Dysrhythmia
Psychic Maps - CD
Relapse 2009

Déjà le cinquième album depuis 2000 pour le groupe de Philadelphie, relocalisé désormais à New-York. Un groupe dont j'ai suivi l'histoire de loin, un œil sur leur riche discographie (un split 10'' et deux ou trois autres singles en plus à leur actif) mais l'oreille un peu sourde. Ce n'est pourtant pas faute de se taper (et d'apprécier la plupart du temps) des groupes de math-rock dans toutes les diagonales mais Dysrhythmia, en plus d'avoir un nom dont je m'y reprends toujours à trois fois avant de l'écrire correctement, c'était la goutte d'eau qui faisait déborder le vase de la complexité d'un genre confondant souvent technicité et intensité, démonstration et émotion. Dysrhythmia n'était sans doute pas pire qu'un Aleuthas… non Ahcheula… merdouille Ahleuchatistas ou un Don Caballero sous ecstasy mais allez comprendre, Dysrhythmia, c'était too much.
Pourtant, à réécouter pour l'occasion leur album précédent Barriers And Passages, j'avais bien tort. En 9 ans d'activité, le trio a su apprivoiser ces pulsions, son math-rock de malade est devenu fréquentable et cet album sorti en 2006 sur Relapse aurait mérité meilleure considération. Un must pour ceux qui l'aiment complexe tout en envoyant valser dans les cordes un rock chauffé à blanc. Mais avec ce Psychic Maps, le trio new-yorkais met la barrière encore plus haute et force le passage du math-rock. On rentre carrément dans la sphère de Flying Luttenbachers et moi, dès que j'entends cette autre référence au patronyme propice à l'erreur, le poil se dresse. Dès le titre d'ouverture Festival of popular delisions, je crois entendre le fantôme de Weasel Walter me susurrer dans le creux de l'oreille : tu vas l'avoir ta branlée et tu vas adorer.

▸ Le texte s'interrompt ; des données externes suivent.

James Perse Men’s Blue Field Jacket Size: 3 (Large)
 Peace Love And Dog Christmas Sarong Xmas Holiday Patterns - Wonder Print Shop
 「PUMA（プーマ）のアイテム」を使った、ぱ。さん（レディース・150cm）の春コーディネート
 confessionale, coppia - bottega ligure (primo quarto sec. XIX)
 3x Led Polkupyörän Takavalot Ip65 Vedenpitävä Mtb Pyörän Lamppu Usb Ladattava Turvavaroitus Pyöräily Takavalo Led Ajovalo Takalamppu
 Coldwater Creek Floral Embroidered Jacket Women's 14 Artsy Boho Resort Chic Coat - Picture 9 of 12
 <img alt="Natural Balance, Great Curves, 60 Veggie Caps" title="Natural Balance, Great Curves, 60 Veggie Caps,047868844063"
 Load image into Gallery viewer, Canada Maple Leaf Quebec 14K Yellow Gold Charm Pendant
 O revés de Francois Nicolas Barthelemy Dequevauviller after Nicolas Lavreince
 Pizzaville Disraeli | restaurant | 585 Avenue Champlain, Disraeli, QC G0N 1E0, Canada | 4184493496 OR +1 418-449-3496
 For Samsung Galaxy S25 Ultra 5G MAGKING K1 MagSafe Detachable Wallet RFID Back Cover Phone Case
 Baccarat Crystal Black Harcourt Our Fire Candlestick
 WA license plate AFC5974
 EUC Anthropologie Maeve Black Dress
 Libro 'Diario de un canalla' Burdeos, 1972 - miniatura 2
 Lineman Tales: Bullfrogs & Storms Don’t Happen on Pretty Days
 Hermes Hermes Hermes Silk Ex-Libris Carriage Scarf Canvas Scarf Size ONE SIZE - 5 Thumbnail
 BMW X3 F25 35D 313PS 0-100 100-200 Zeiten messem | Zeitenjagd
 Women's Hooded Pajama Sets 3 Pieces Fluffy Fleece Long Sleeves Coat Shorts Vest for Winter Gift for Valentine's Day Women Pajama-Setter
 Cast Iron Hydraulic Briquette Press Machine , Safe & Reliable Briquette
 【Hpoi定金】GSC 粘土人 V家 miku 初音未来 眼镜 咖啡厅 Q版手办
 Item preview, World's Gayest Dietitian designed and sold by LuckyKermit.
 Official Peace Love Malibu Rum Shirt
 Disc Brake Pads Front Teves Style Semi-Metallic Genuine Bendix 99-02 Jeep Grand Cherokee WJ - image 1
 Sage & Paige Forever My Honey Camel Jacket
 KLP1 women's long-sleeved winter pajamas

Bille en tête et plus direct qu'à l'accoutumée, le nouveau Dysrhythmia vous met une pression d'enfer et ne la relâchera que très rarement. Ils ne sont plus dans la fracture, ils sont cette fois ci dans la ligne droite agitée à fond les gamelles et ça fait toute la différence. Pas pour les neurones et les fragiles du crâne pour qui cette route sera toujours source de crispations irrémédiables mais elle est là cette différence, subtile et appréciable. Alors certes, les équations sont toujours présentes, mais Dysrhythmia est plus disposé à nous filer les réponses. Ou c'est juste qu'on en a plus rien à foutre des réponses. Se laisser emporter par la vague, ne plus se soucier du comment du pourquoi, lâcher les amarres. Ils vous mettent une couche d'intensité, puis une seconde, encore une autre et quand vous pensez que ce n'est pas possible d'aller plus haut, ils trouvent les ressources nécessaires pour jouer encore plus vite, frapper plus fort et finissent pas vous arracher un râle de bonheur. Mieux encore, ils se permettent des harmonies (à défaut de dire des mélodies, faut pas exagérer non plus) éclatantes, des fusées de détresse éclairantes en pleine tourmente comme sur Room of vertigo et c'est un vrai bonheur. Et des bols d'air, ils ont la judicieuse idée d'en placer un certain nombres, de mettre du relief dans un paysage jusque là aride. Neuf années pour le comprendre mais ça valait le coup d'attendre. Comme à chaque fois dans ce genre d'œuvre, on a pour finir droit au péplum. Celui-ci se nomme Lifted By Skin avec une montée extraordinaire de vélocité pendant cinq minutes vertigineuse, s'appesantir pendant trois bonnes minutes, là où le corps ne répond plus, quitte à devenir pratiquement silencieux et de subitement retrouver un second souffle et filer un dernier coup de rein qui vous emmène dans le décor. Jouissif à mort. Dysrhythmia est rentré dans le cercle très fermé des groupes qui ont su transcender le math-rock, le piétiner pour mieux le purifier, comprendre que la technicité est juste un moyen pour éclater le rock et lui faire sortir les tripes. Grandiose.